» The data:

::::

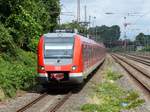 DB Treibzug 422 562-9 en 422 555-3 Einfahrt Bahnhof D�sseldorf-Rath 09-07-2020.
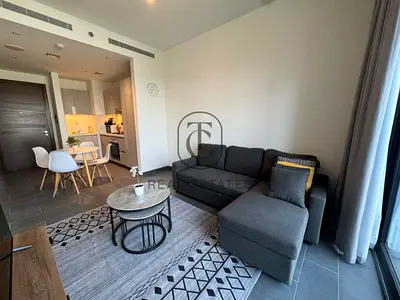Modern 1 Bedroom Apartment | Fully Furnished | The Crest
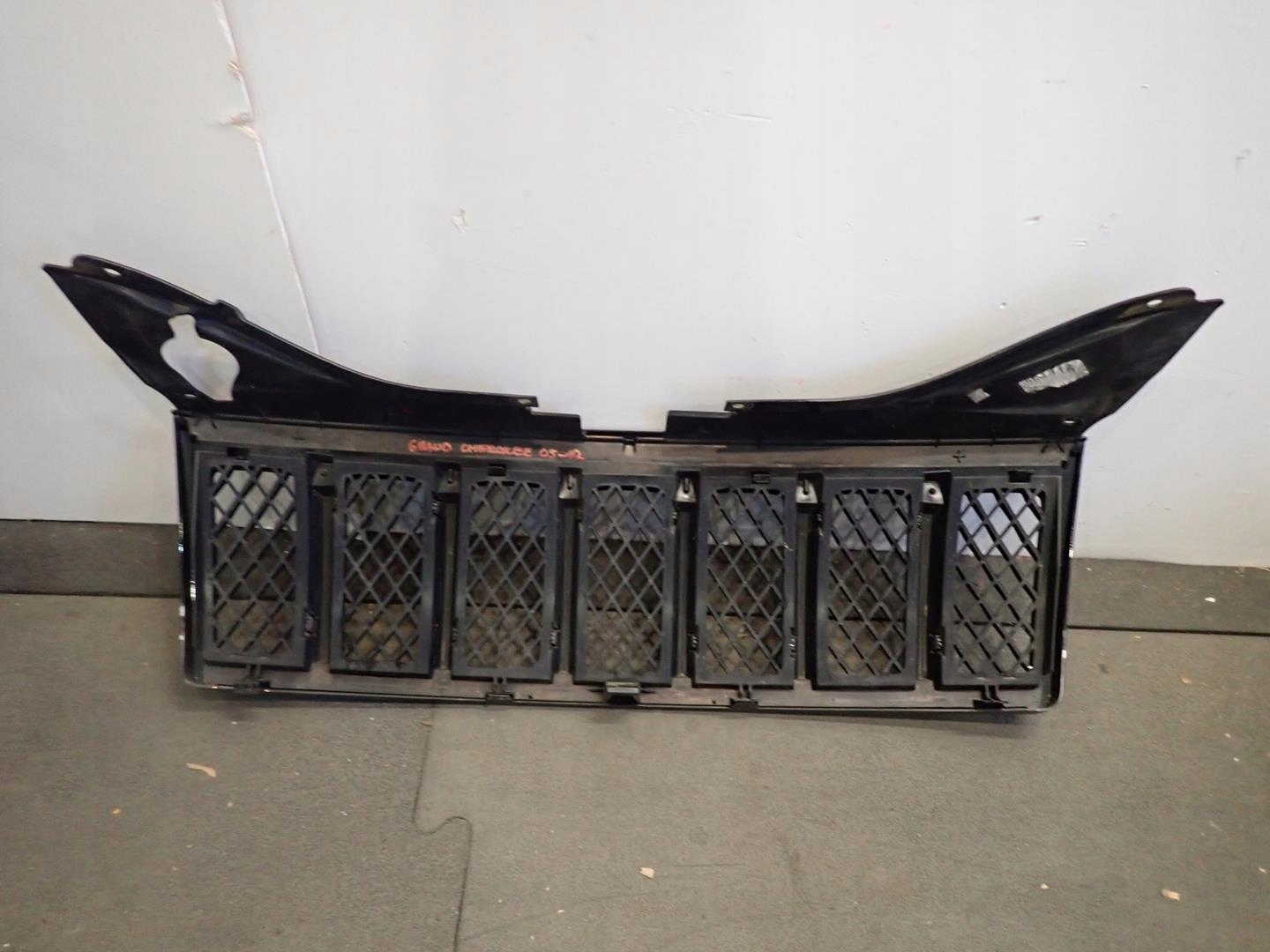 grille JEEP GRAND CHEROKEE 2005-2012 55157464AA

::::

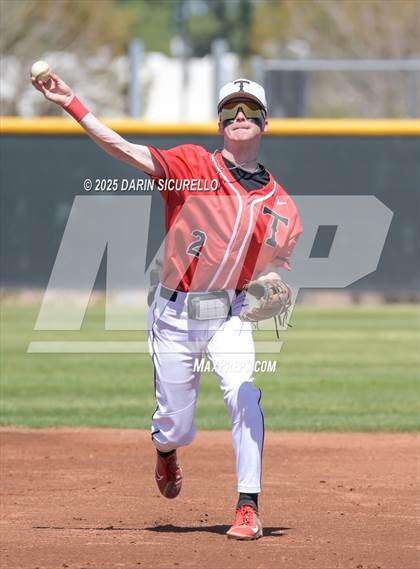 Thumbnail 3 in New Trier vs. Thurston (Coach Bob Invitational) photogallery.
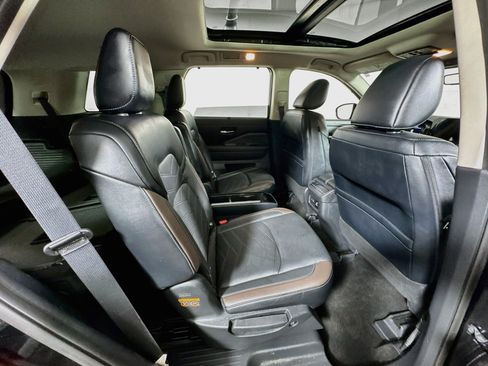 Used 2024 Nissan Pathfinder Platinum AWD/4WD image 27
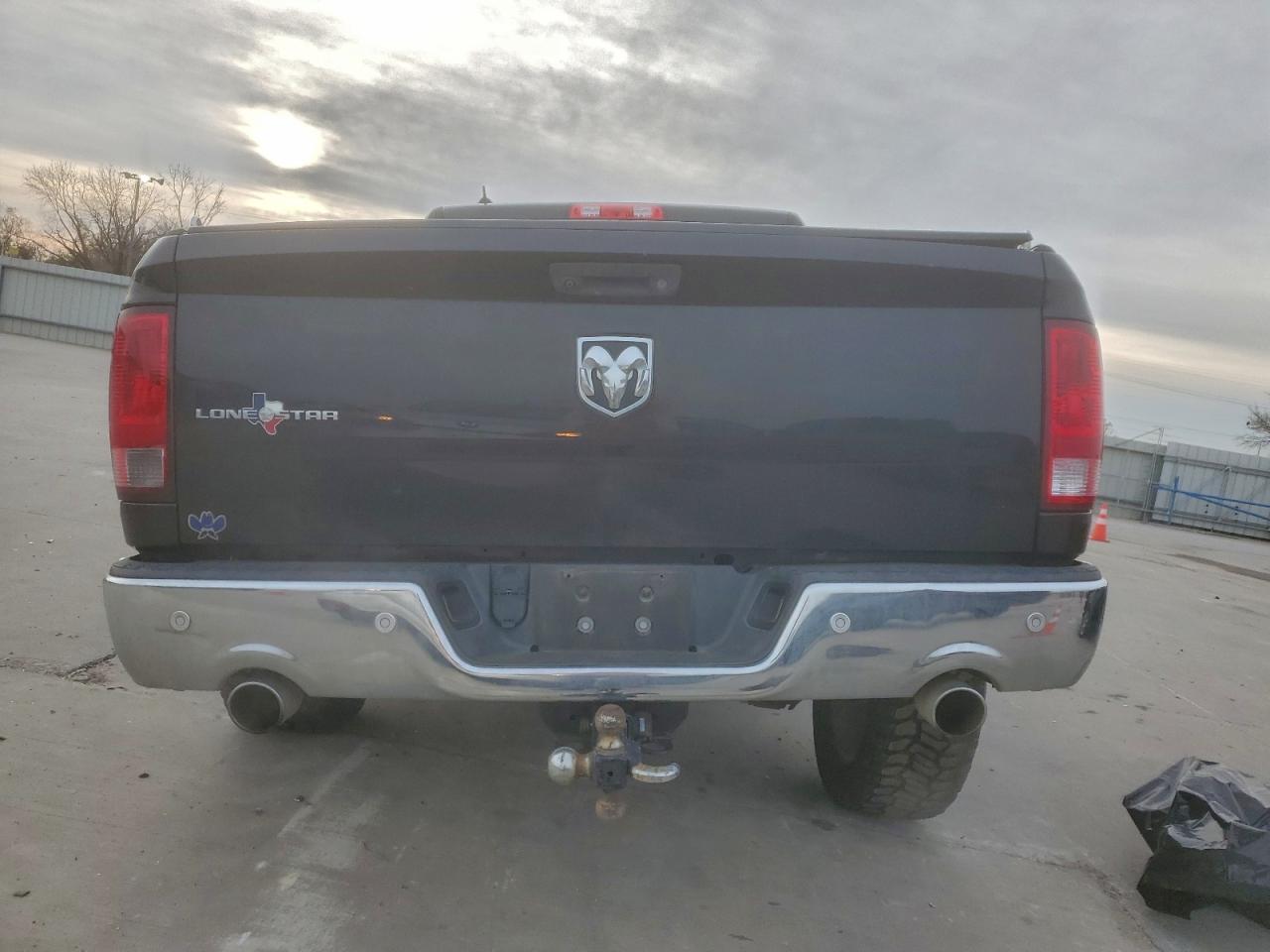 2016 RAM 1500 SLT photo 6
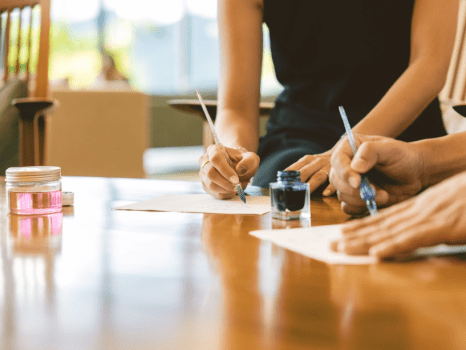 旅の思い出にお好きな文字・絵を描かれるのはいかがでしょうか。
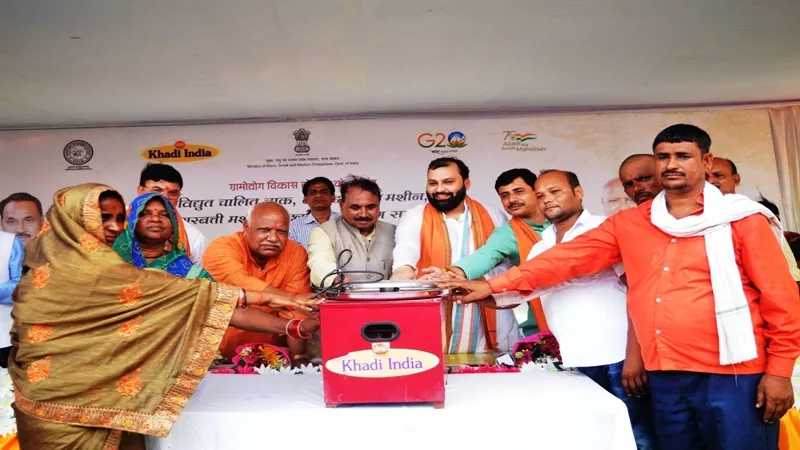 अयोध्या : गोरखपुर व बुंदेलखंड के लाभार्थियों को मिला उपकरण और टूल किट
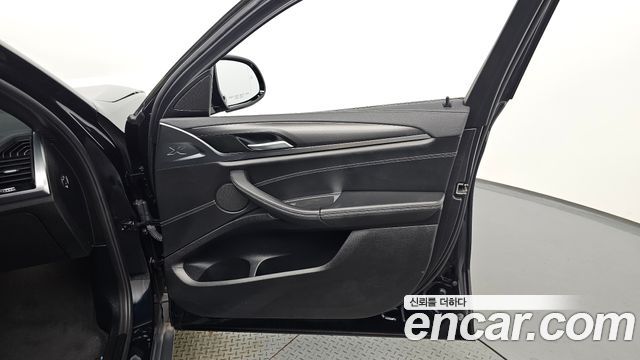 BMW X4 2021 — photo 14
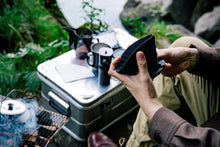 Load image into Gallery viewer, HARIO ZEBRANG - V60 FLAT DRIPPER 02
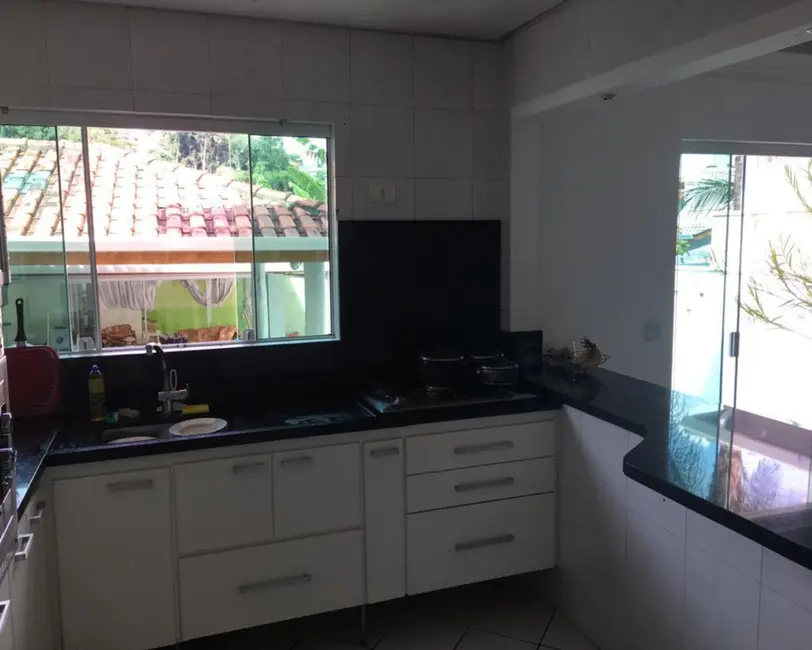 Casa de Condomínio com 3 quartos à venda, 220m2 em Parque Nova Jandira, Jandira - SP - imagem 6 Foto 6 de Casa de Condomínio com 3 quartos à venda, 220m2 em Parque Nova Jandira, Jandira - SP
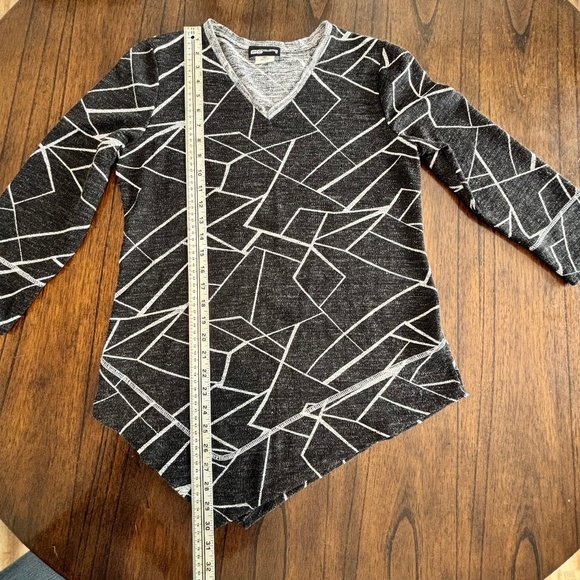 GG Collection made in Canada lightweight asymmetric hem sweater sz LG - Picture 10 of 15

::::

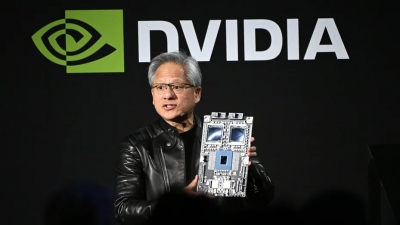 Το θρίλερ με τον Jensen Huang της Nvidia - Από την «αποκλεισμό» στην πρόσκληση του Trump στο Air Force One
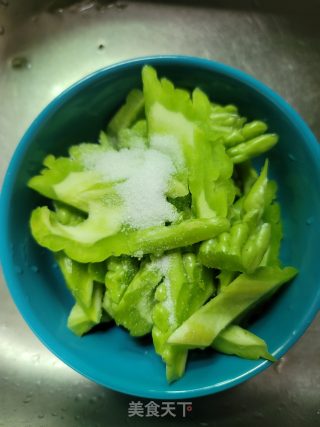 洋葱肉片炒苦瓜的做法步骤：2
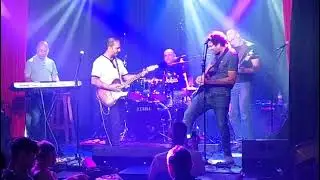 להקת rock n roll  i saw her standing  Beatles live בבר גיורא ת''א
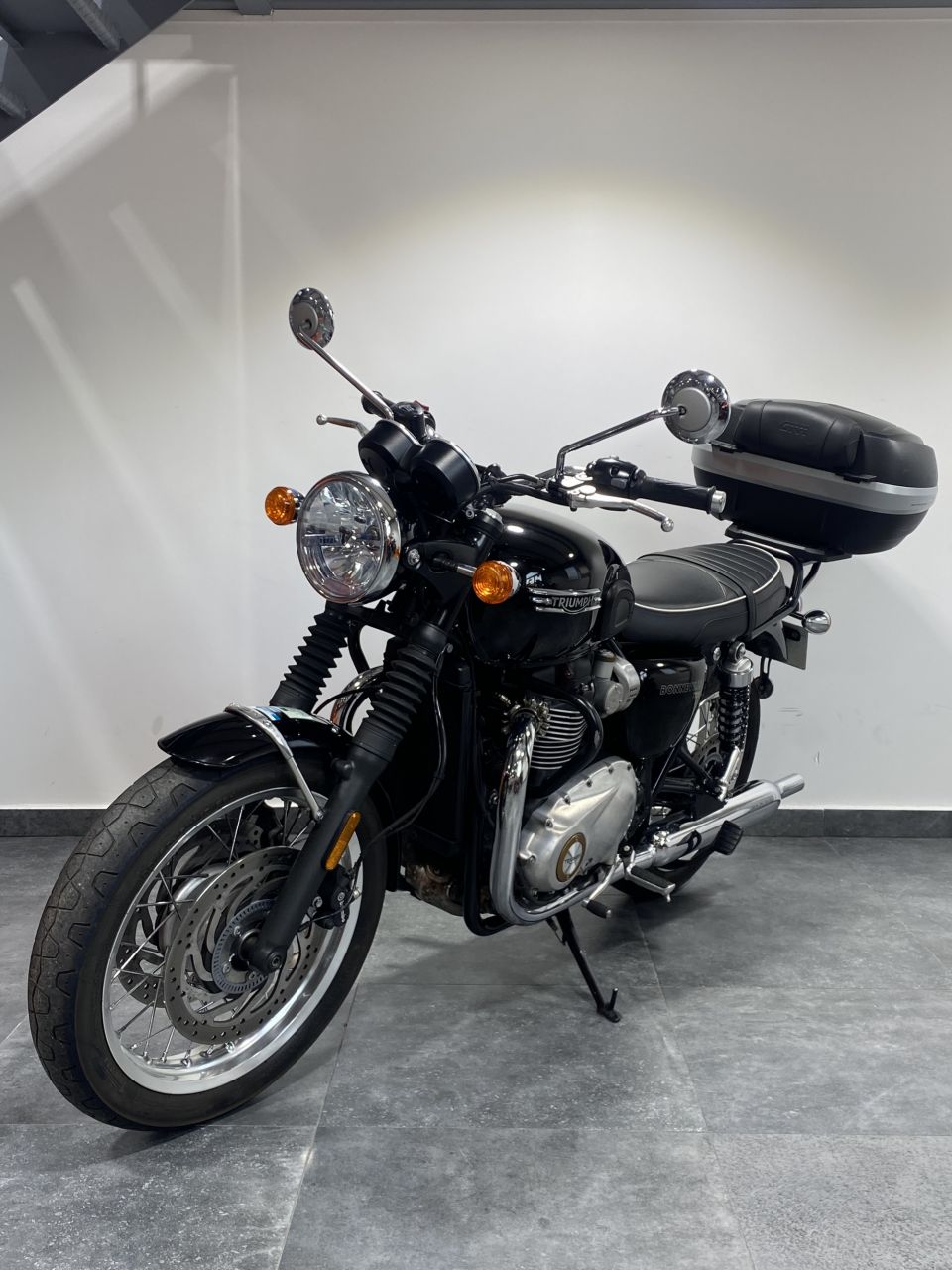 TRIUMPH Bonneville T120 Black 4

::::

» What the exercise asks: An exact copy is needed of the stretch above that opens with the line containing "DB Treibzug 422" and closes with the line containing "grille JEEP GRAND"; the pictures are not part of it.

» Output for this exercise:
 DB Treibzug 422 562-9 en 422 555-3 Einfahrt Bahnhof D�sseldorf-Rath 09-07-2020.
Modern 1 Bedroom Apartment | Fully Furnished | The Crest
 grille JEEP GRAND CHEROKEE 2005-2012 55157464AA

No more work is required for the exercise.